I use the terms “pretend to permit” only because the question whether a Code really could except these actions from the normal GATT rules would have to be determined by the GATT disputes settlement procedures on a case-by-case basis (that’s how dispute settlement always works). The authors speculate that the Code could be negotiated ‘outside’ the WTO, presumably like the obscure ACTA negotiations. The reason for doing this—although the provisions of the Code would concern WTO obligations—seems to be that WTO members hostile to the idea of creating new exceptions might prevent the adoption of a new WTO plurilateral agreement. But a violation of e.g. MFN obligations on market access barriers is subject to WTO adjudication (and possibly to WTO sanctions) whatever the rationale for the barrier. Sooner or later, WTO dispute settlement will come into play whether the Code is a WTO plurilateral agreement or not. The Appellate Body has indicated that it would take note of obligations imposed as a consequence of external (environmental) agreements when considering the application of a WTO exceptions provision to a measure otherwise inconsistent with WTO obligations. But that’s no guarantee.

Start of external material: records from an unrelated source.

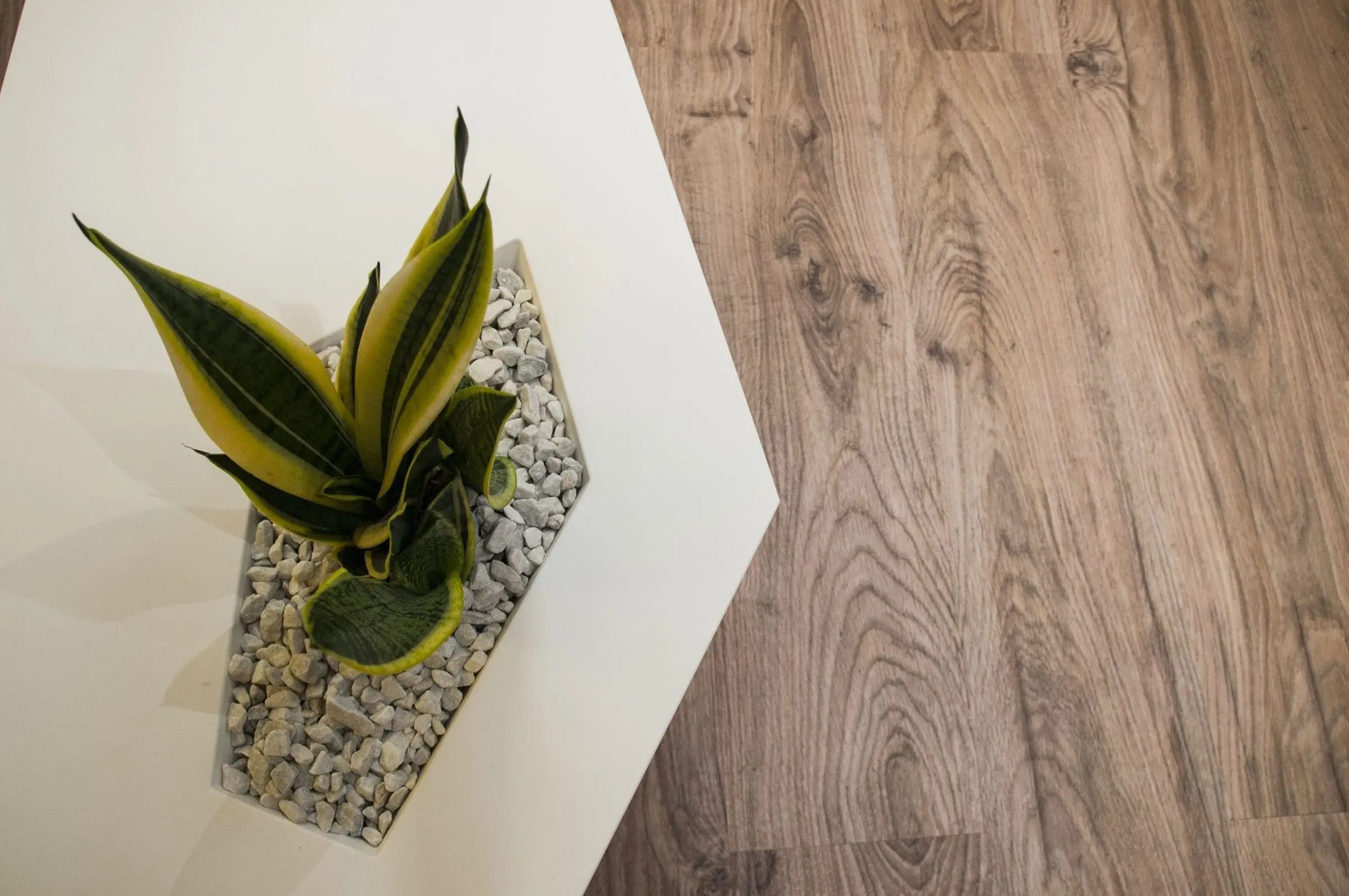 Office decoration furniture Faz planters by Vondom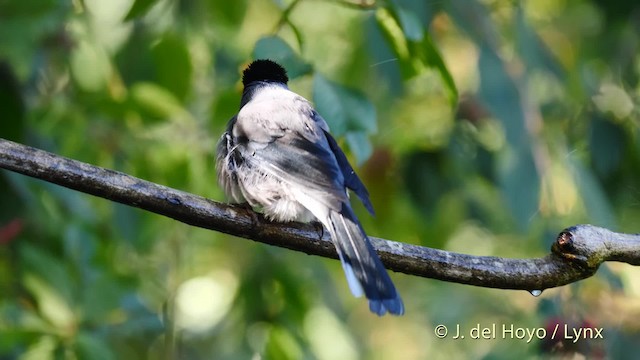 Garrulaxe de Desgodins (desgodinsi/tonkinensis) - ML201595031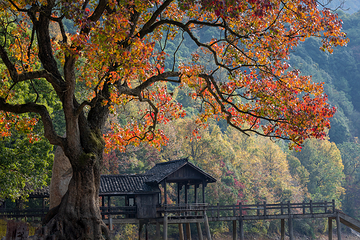 富春桃源风景区第 13 张图片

Indeed, at one point, discussing climate subsidies the authors recommend trying to keep the determination of disputes out of the adjudication system because of the damage it could do to the system
“In general, we believe that relegating these matters to the WTO dispute system is not the best course. If the Appellate Body is too strict on trade-related climate measures, that could inspire greater criticism of the already-fragile WTO system. If the Appellate Body is too lenient on trade-related climate measures, by according users of unilateral measures excessive deference, that could open the door to widespread opportunistic protectionism and rent-seeking behavior.”
Hmm… I agree with the idea of avoiding the adjudication disputes where possible (including for this reason). But it seems impossible to do that where the dispute is about the application of exceptions procedures such as those proposed by this Code.
There is, incidentally, an interesting Appendix to the book that contains a review of ‘Four Big Uncertainties’ in the debate on climate change. The authors evaluate the uncertainties in the science and conclude that the risks in the ‘tail’ of a risk distribution still merit mitigation. Their moderate recommendation, however, is that any WTO Code (and even any UNEP agreement from Copenhagen) allow for the possibility that alarm about climate have a very different aspect in 2019 than it has in 2009.